Problem statement =>
Please write out all of the data below exactly, without including the pictures.

******************************

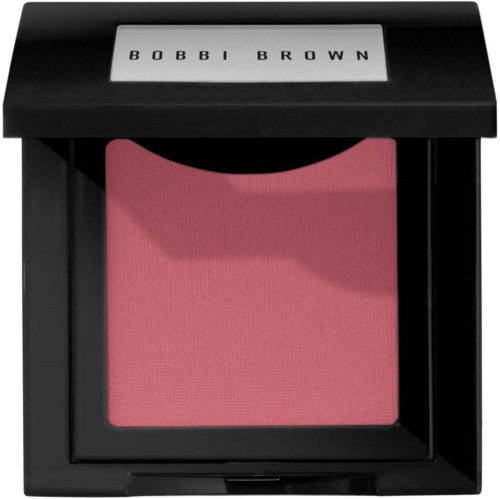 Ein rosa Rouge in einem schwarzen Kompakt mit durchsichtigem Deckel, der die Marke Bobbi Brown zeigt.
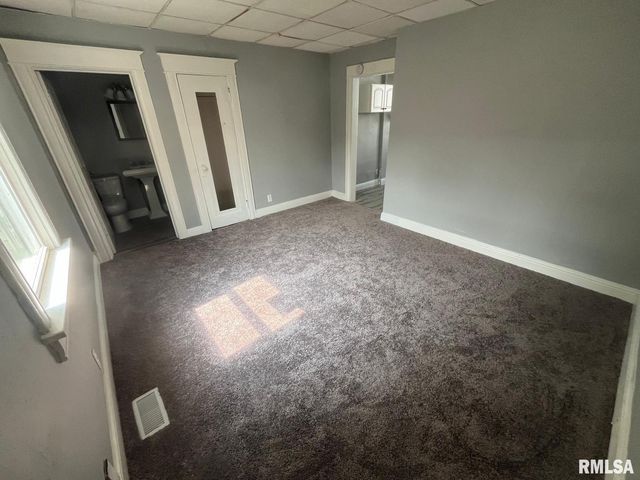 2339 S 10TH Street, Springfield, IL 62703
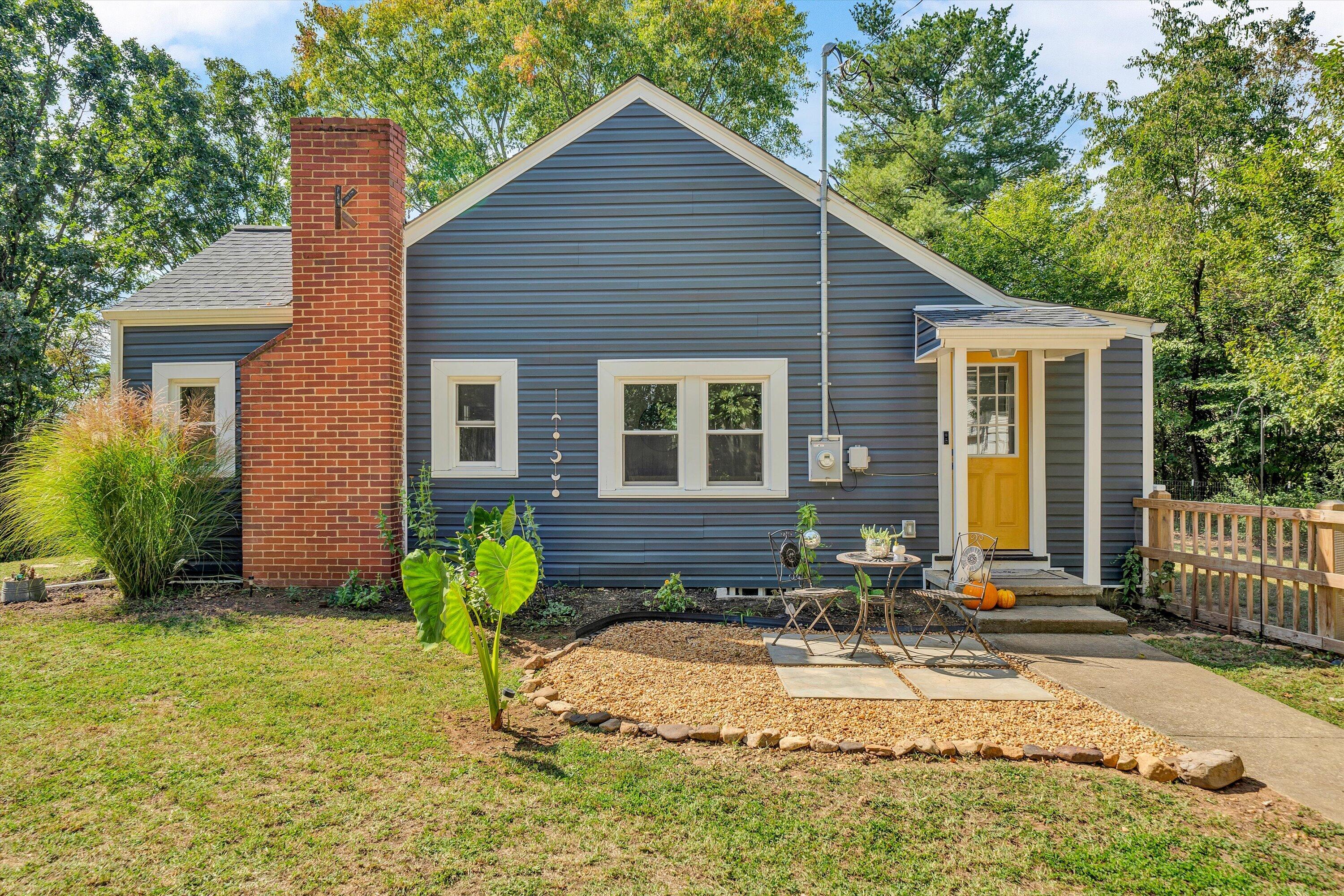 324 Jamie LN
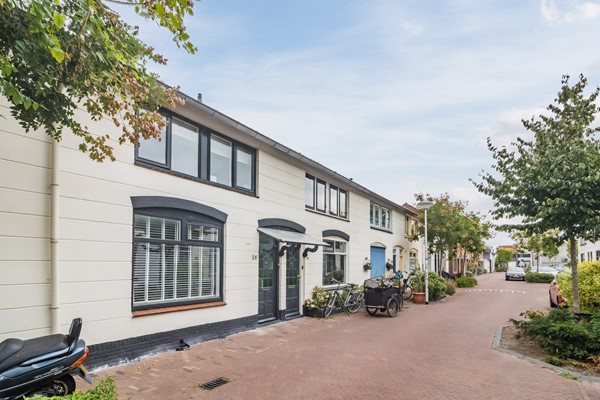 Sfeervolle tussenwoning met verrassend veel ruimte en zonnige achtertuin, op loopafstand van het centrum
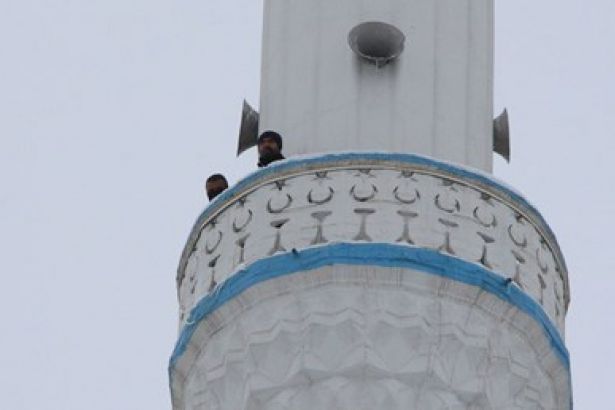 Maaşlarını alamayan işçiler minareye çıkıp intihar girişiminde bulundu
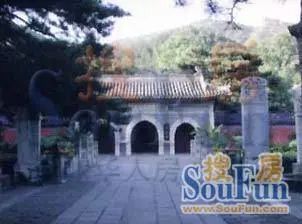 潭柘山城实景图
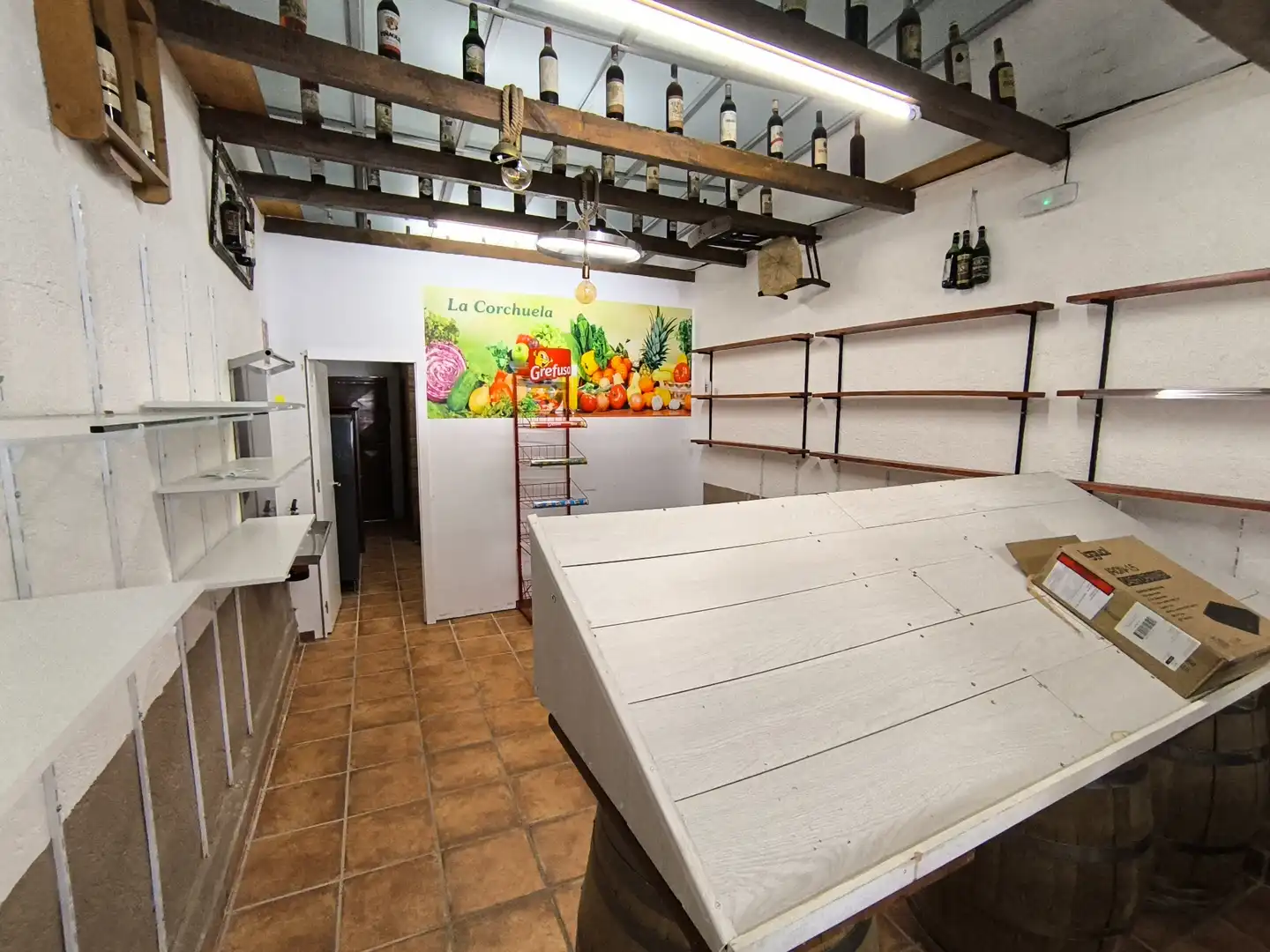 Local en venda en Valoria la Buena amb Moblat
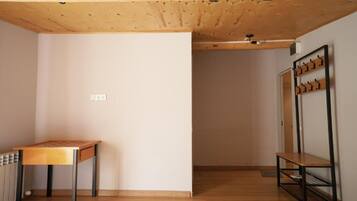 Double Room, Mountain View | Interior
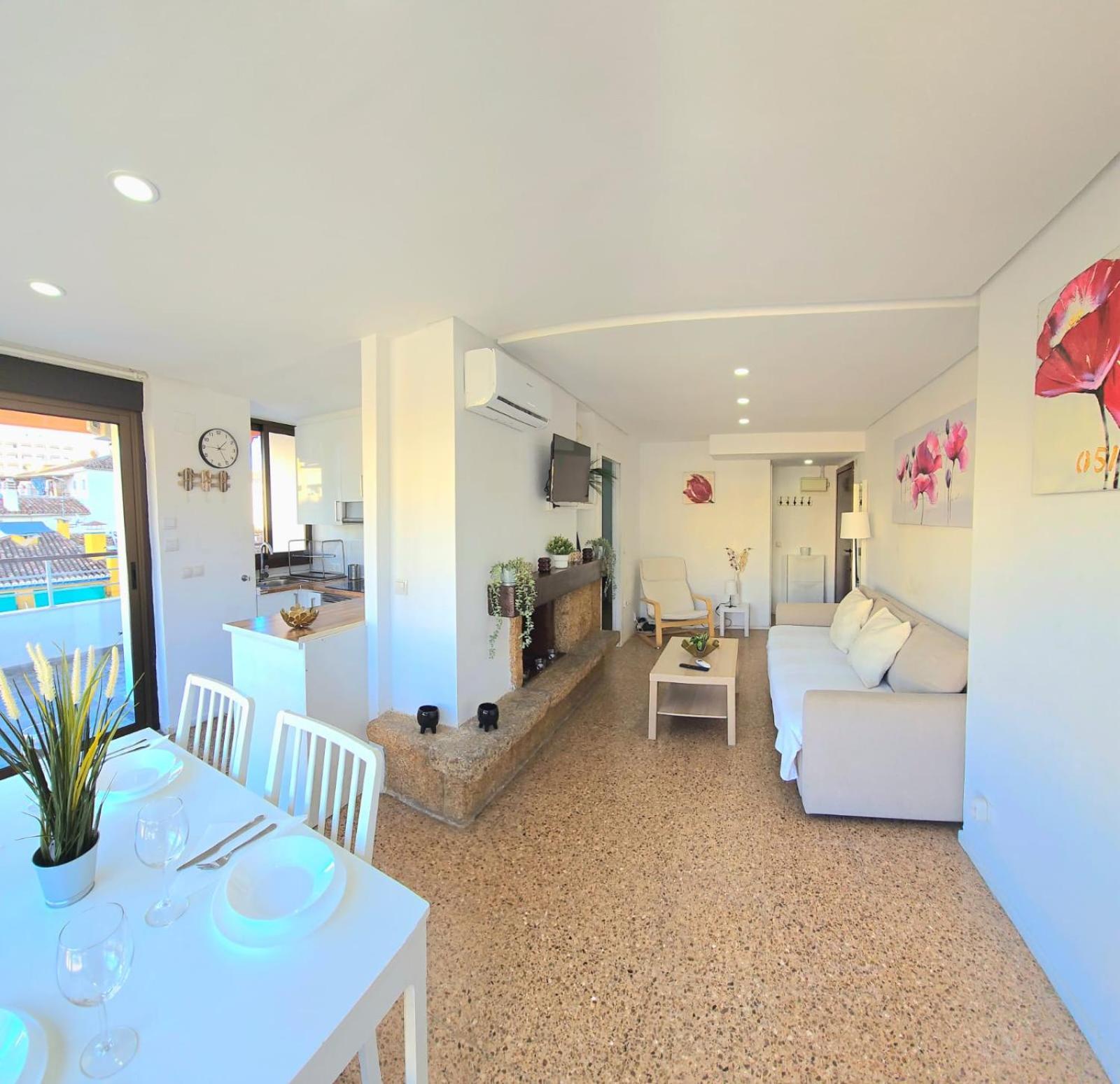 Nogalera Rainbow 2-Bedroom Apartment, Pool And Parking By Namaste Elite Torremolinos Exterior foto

******************************

Answer to this task =>
 Ein rosa Rouge in einem schwarzen Kompakt mit durchsichtigem Deckel, der die Marke Bobbi Brown zeigt.
 2339 S 10TH Street, Springfield, IL 62703
 324 Jamie LN
 Sfeervolle tussenwoning met verrassend veel ruimte en zonnige achtertuin, op loopafstand van het centrum
 Maaşlarını alamayan işçiler minareye çıkıp intihar girişiminde bulundu
 潭柘山城实景图
 Local en venda en Valoria la Buena amb Moblat
 Double Room, Mountain View | Interior
 Nogalera Rainbow 2-Bedroom Apartment, Pool And Parking By Namaste Elite Torremolinos Exterior foto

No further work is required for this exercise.